Not content with confusing me with the long and involved story of Terry Gironda and all the restaurants that she’s owned on Saint Simons Island and in Brunswick and all the names that keep changing, Marie’s father took the initiative to confuse me further. He suggested that I tell you good readers that he “bored” me further, but I figure that if I were to print that, no matter how many disclaimers I used, the same sort of humorless bozos who thought that I was being negative about Atlanta’s Antico Pizza would be up in arms about how tactless it was to accuse my father-in-law of boring me. Especially in light of me spending two of the previous three chapters teasing Marie about where we’ve eaten on the island anyway, it just strikes me as a little wrongheaded.

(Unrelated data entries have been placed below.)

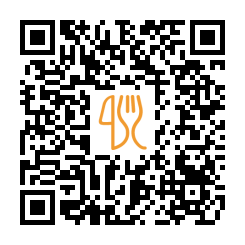 QR-code link para o menu de Xivert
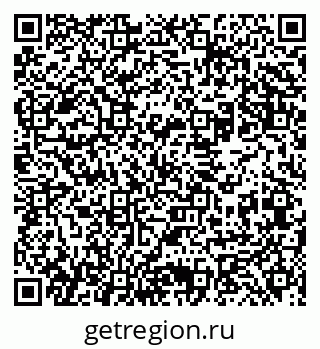 79061980605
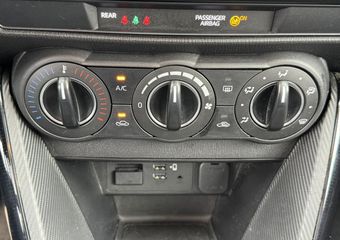 Mazda 2 1.5 Skyactiv-G Arico Navi Led Carplay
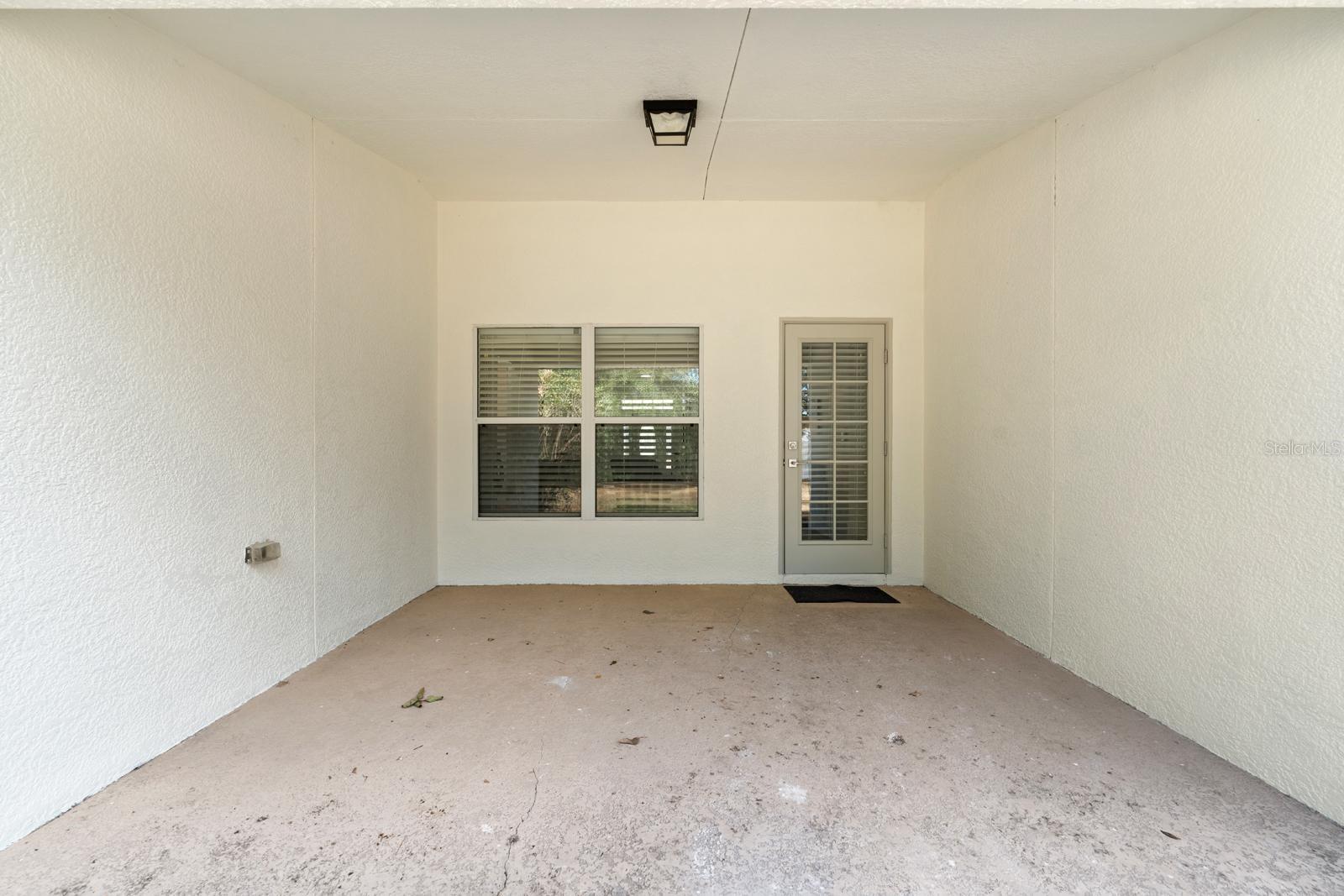 MOSS LANDING PH 3 - Residential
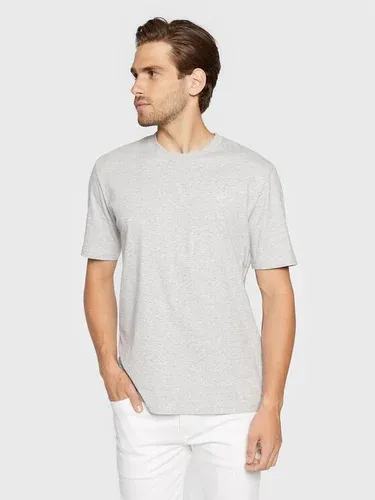 Tricou Marc O'Polo (17611017)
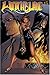 Witchblade, tome 15 by 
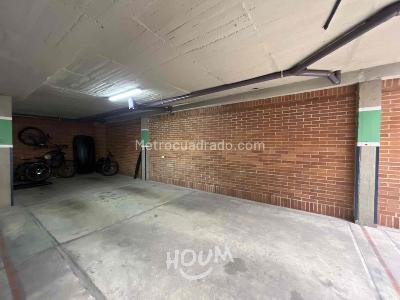 Apartamento de 5 alcobas en venta en Usaquen, Bogotá, 340 m² · foto 3 de 20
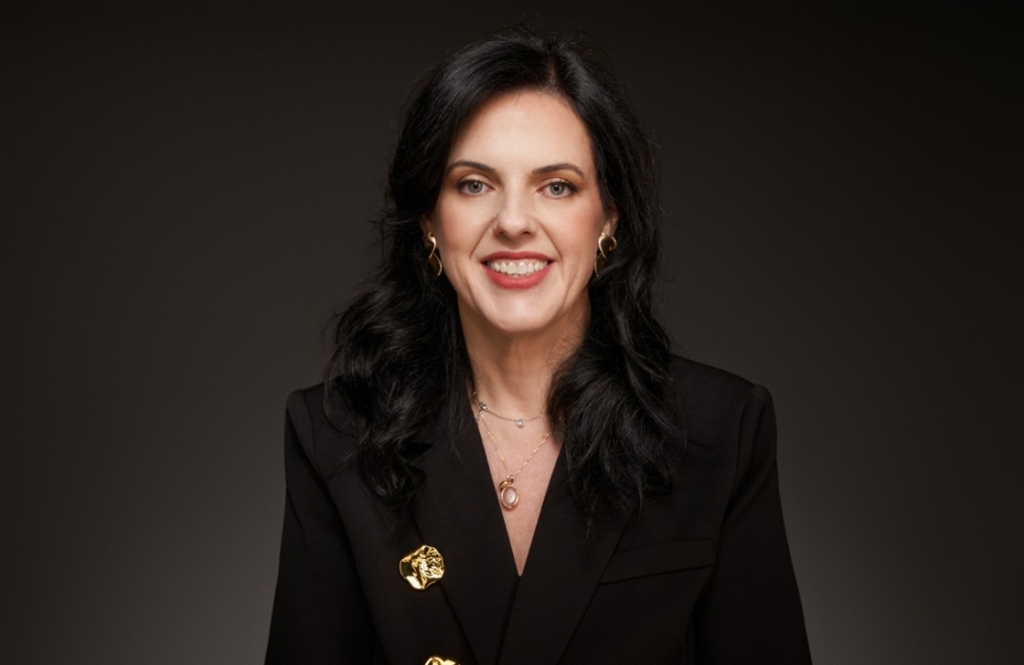 מתנה בשווי ממוצע של 500 ש"ח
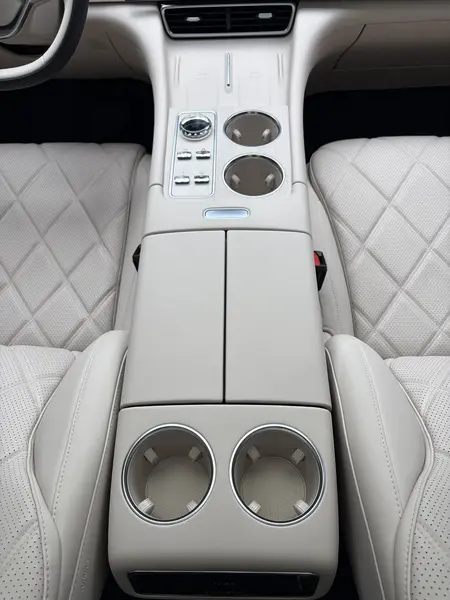 catalog-car-14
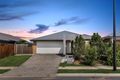 Property photo of 11 Greenview Avenue South Ripley QLD 4306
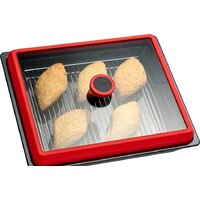 Набор TEKA MultiCook 41599012 - Превью изображения №10 — Интернет-магазин Your Sale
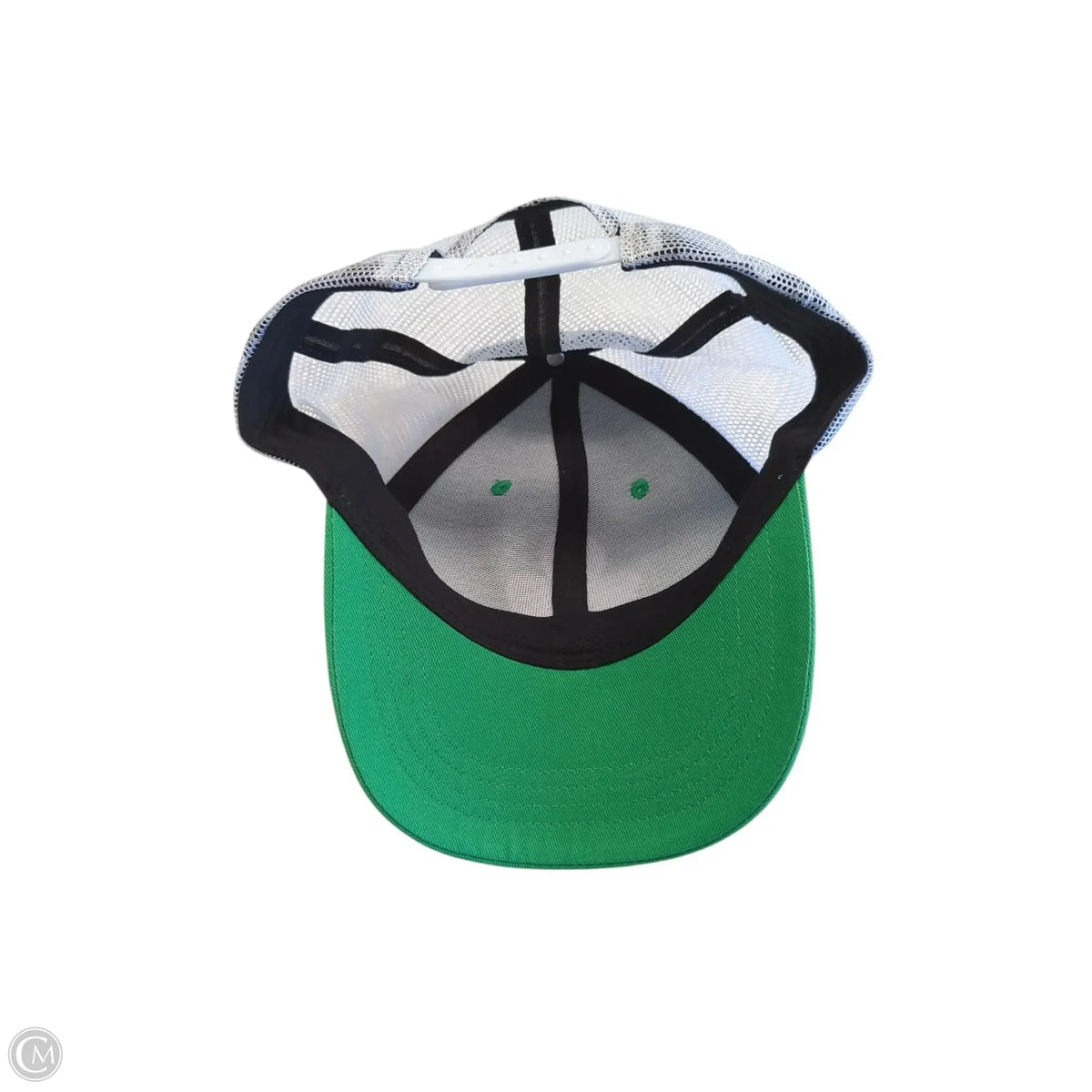 Hat Baseball Cap By Clothes Mentor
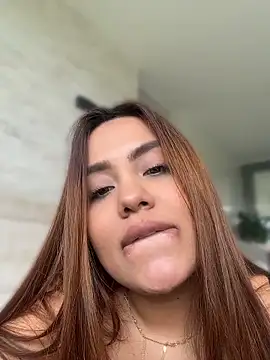 valeria2019hot webcam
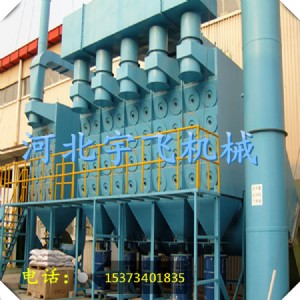 ���w�VͲʽ���m�� ���m�����a(ch��n)�S��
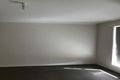 Property photo of 87A Hill Street Murray Bridge SA 5253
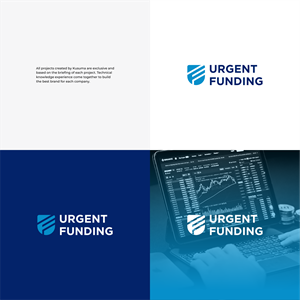 Logo Design by Kusuma Studio for this project | Design: #36172471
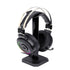 https://doto.vteximg.com.br/arquivos/ids/190502/redragon-headsets-lamia-h320-negro-dotomexico-vista-dinamica.jpg?v=637818420445400000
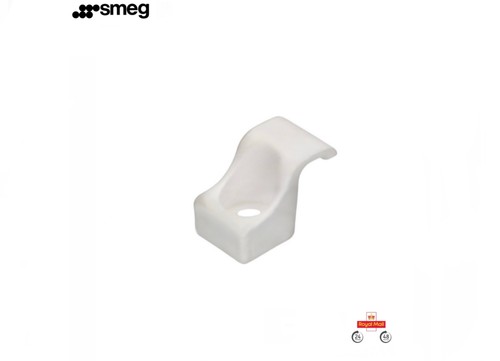 Genuine smeg cooker grill - genuine,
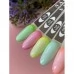 Top Saga IVORY 8 ml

Anyway, I’ve met Terry a couple of times, briefly, and now get to wish her well in a retirement that I’m not entirely sure will last for all that long. She seems to be the sort of person who needs an outlet for an awful lot of creative energy and a desire to make food. She has passed her restaurant on Mallery Street into the hands of her son C.J. and now he’ll be responsible for making certain that the islanders and tourists continue to get CJ’s very good pizza and pasta dishes, along with the unbeatably good breadstyx and the excellent salads with their killer sweet-and-sour dressing.

But C.J. has made a few changes to the menu, and one of my father-in-law’s favorite dishes has been downgraded to an occasional special. The dish, Pasta Luigi, was expensive and just didn’t sell well enough to remain a regular. So a couple of days before we were due to have supper here, my father-in-law went to say hello to C.J. and made certain that we could get some Pasta Luigi. While we don’t often write about a place twice, I think that I’ll use this space to report on our meal, and encourage all of my readers who vacation on the Golden Isles to speak up and order this treat, because it’s really good.

CJ’s is a simple, popular and crowded place. The interior is a dense collection of bric-a-brac and graffiti. It’s busy, but so incredibly relaxing and laid-back that a song that I detest by Shawn Mullins, a zero-energy Laurel Canyon tribute called “Rock-a-Bye” that was unaccountably popular around 1998, came on while we were eating and I strangely found it appropriate and comforting. It just has the perfect vibe for this incredibly mellow restaurant.

Actually, there, I just stumbled right over it. Do you remember what the original Mellow Mushroom pizza places in Atlanta were like, in the mid-80s when there were only about three of them, before they started franchising and they started feeling forced and corporate? CJ’s is kind of like one of those.

As for the special that we went to try, Pasta Luigi is a baked dish with a tomato sauce that reminded me slightly of The Mad Italian‘s pasta fagioli baked over penne. It is a thin, spicy red sauce with chunky tomatoes and peppers. It might have stood to have been baked just a couple of minutes longer and thicken up just a bit more, but I certainly enjoyed sopping a little of it up with the breadstyx. It is definitely a dish that guests should ask for!

I certainly wish all the best for C.J. and hope that he continues everything that has made this restaurant such a popular success. And happy retirement to Terry, as well!

(Read my original post about CJ’s by clicking this link.)

2 thoughts on “CJ’s Italian Restaurant, St. Simons Island GA (take two)

  1. First of all, I am so relieved to have someone say what I’ve been thinking (for 15 years) about the song “Rock-a-Bye”! Now I want to recommend another pizza place on St. Simon’s, which is Sal’s, which my New York City native husband adores. I do, too, actually.